Once Bitten

Alfred Hennequin and Alfred Delacour, translated and adapted by Reggie Oliver
Orange Tree, Richmond
(2010)

Once Bitten is a French farce written in 1875 and, taking into account the Orange Tree methodology, little more need be said.

There are dropped trousers, mistaken identities, double entendres, costumed domestics, doors galore and pretty mistresses causing trouble for randy husbands and uncles, with a tyrannical mother-in-law thrown in for luck.

The special ingredients in a Sam Walters farce are necessitated by the theatre's design, since in-the-round staging does not immediately lend itself to this form.

What the space does is allow Sophie Acreman to fill in the gaps. She is pitch perfect in her efforts to provide sound replacements for doors and especially a naughty pooch that sadly does not make it past the halfway mark alive.

The story revolves around a hapless lawyer, Fauvinard, who has not had a case in two years but still harbours seemingly unwarranted hopes of a glowing career.

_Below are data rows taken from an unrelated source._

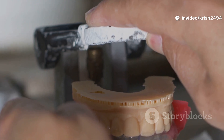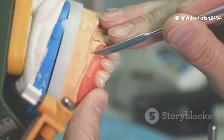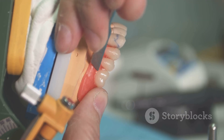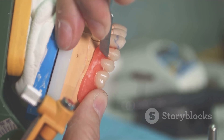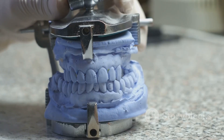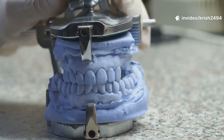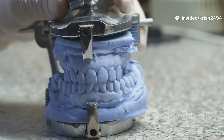Now, final impressions. With your custom tray, the dentist does border molding — think of it as sculpting the edges to make sure the tray fits every nook and cranny. Then a more precise impression material, like zinc oxide eugenol or PVS, is used. This gives the lab a super accurate mold called the master cast.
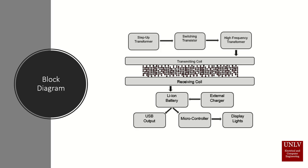This frequency then goes through a high-frequency transformer, which outputs the current through a transmitting wire. That transmitting wire is then able to create a magnetic field, which interacts with the receiving coil to induce a current.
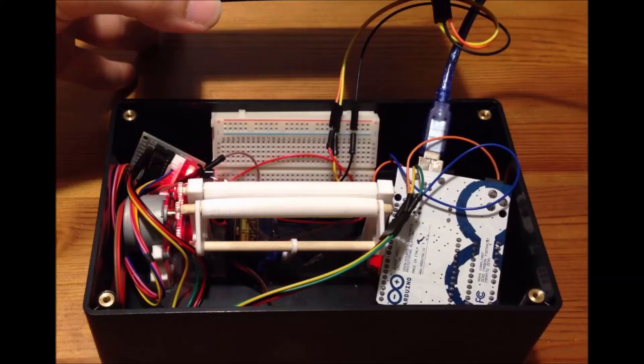Here you can see the device wired up with the stepper motor attached to pins 8 through 11, the servo motor attached to pin 4, and the IR receiver attached to pin 2. Each device is wired to the voltage and ground through the breadboard and into the Arduino.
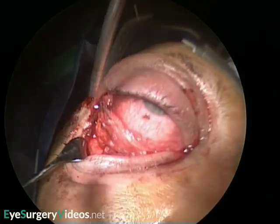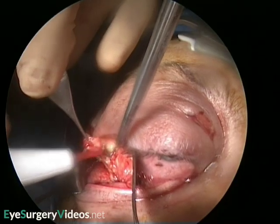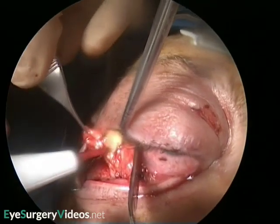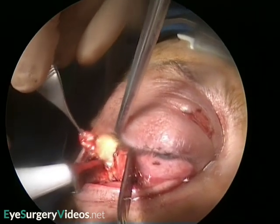The lateral fat pad is gently teased out and excised. It is divided from the medial fat pad by the arcuate expansion, which is carefully preserved. The middle fat pad is also teased out and excised, taking great care of the inferior oblique muscle between it and the medial fat pad.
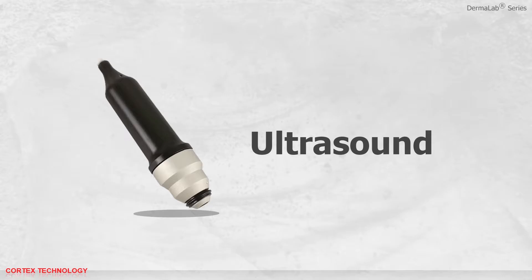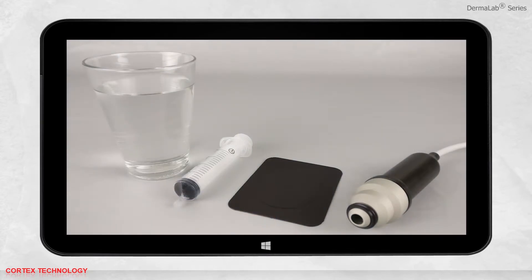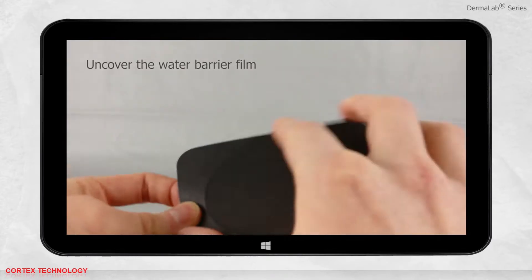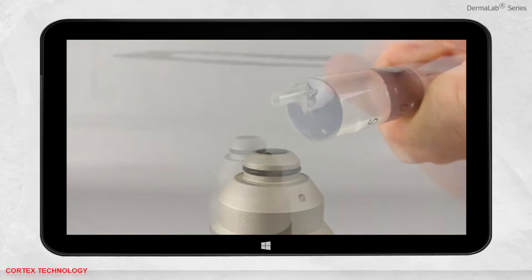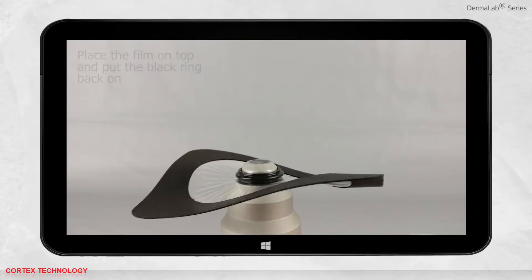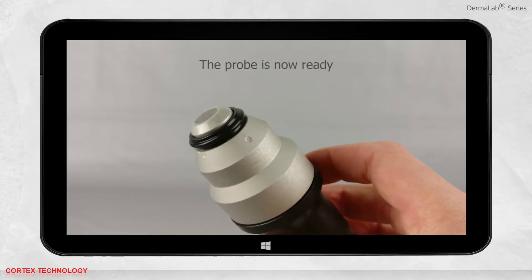Ultrasound application. Select ultrasound. Before you start a measurement, you need to prepare the probe. To do this, you need demineralized water, a syringe, and water barrier film. Remove the black ring from the probe and uncover the film. Fill the syringe with demineralized water, hold the probe upright, and inject the water into the chamber. Place the water barrier film gently on the probe and fixate with the ring. Snap off excess film and check that the film is smooth with no wrinkles. The probe is now ready.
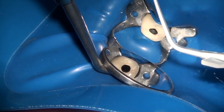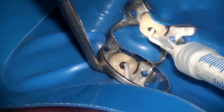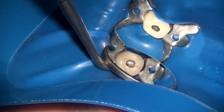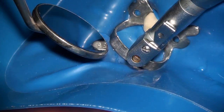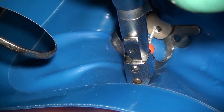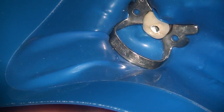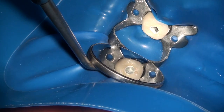Now we're ready to obturate the tooth. As you can see, we have access through the crown and the tooth has been isolated. I'm using the advanced obturation technique here with direct injection into the tooth. Once the bioceramic sealer is injected, the MacPak 25 tip is rotated at about 600 RPM, approximately one millimeter short of the apex in each canal. You only want to rotate at 600 RPM and not higher, because a higher RPM can be very dangerous in pushing material out.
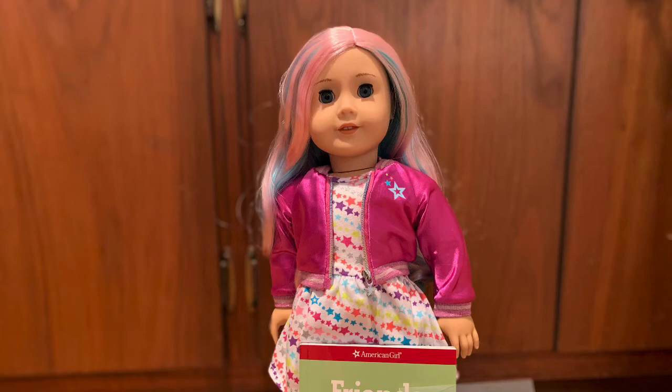Hello and welcome back to Age You Forevermore. Today I am going to be showing you when I opened my American Girl doll Ellie. She's a Truly Me #88 and I'm going to be opening and reviewing her and showing you everything about her. So let's get started.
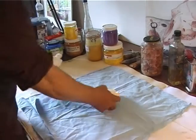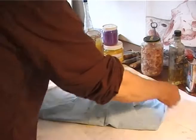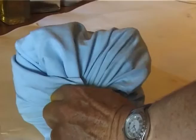I make the frames myself and stretch the canvas on the frame. I put paste on my canvases made of colle de peau and plaster.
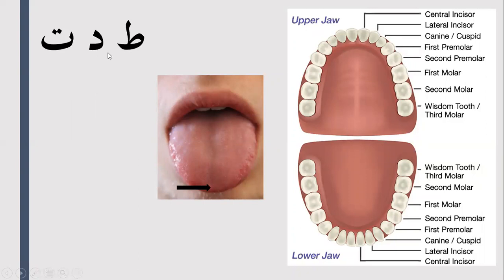A lot of people pronounce the Ta and the Da exactly the same — they say Da and consider this the Ta as well, which is incorrect because you're pronouncing them exactly the same.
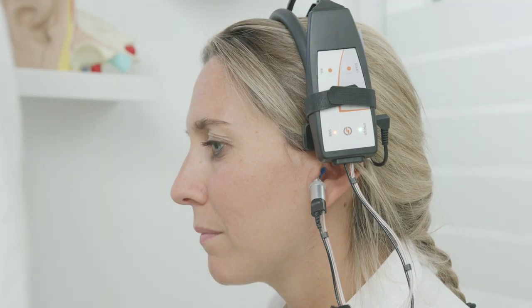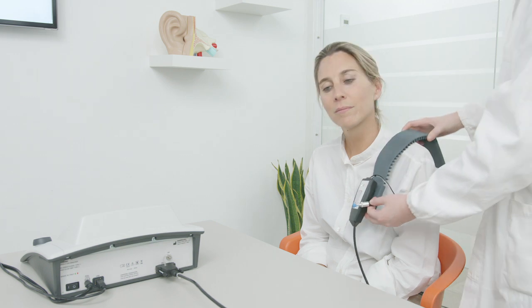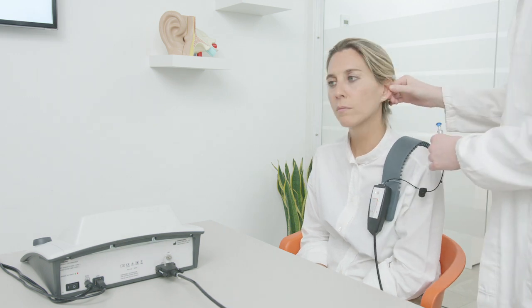The probe can be mounted on the headset of the contralateral headphones using the clips on the headband, or if you opt for an insert earphone for contralateral testing, it can be mounted on the shoulder strap.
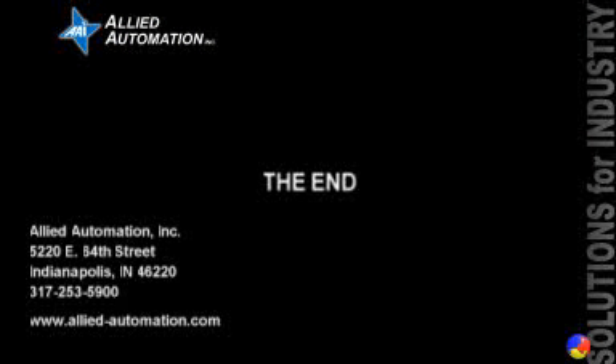If you'd like a copy of this GX Developer project, you can contact us at Allied Automation. Thank you for viewing this video brought to you by Allied Automation. Allied has been providing solutions for industry since 1981.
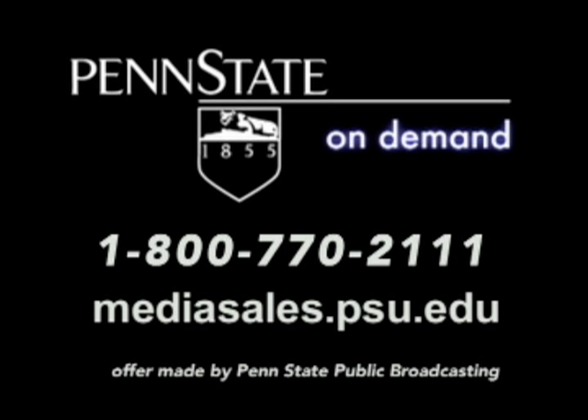A copy of the program you've just seen can be purchased through Penn State Media Sales at mediasales.psu.edu or by calling 800-770-2111.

The energetic David Antrobus' character divides his spare time between battling his wife's harridan of a mother, played with voluble fervour by Briony McRoberts, and escaping to cavort with pretty blonde Cesarine, played by Beth Cordingly.

She, in turn, has numerous skeletons in the cupboard as the wife of an absconded jewel thief. Above her salon lives the unseen Zizi and between the two, they turn 11 Rue Saint-Lazare into a sexual conveyor belt as, inter alia, another lawyer and a spare husband troop through and get bitten by the invisible dog. Never far behind is the bumbling roué uncle with a sleep disorder, humorously portrayed by Richard Durden.

To add a little spice and wit, Michael Kirk appears in Napoleonic get-up playing a Commissioner of Police who ends up with little more than the wrong ends of several sticks and some spare pairs of trousers.

The first act is rather slower than ideal, as the scene is set, the second allows sexual shenanigans to take over, with much laughter, while the last brings everything to a happy ending offering strong support for the institution of marriage and power of forgiveness.

As farces go, Once Bitten is not necessarily quite out of the top drawer but there are enough laughs to make a trip to Richmond worthwhile. In addition, for anyone that has never seen one performed at the Orange Tree, a real treat is in store.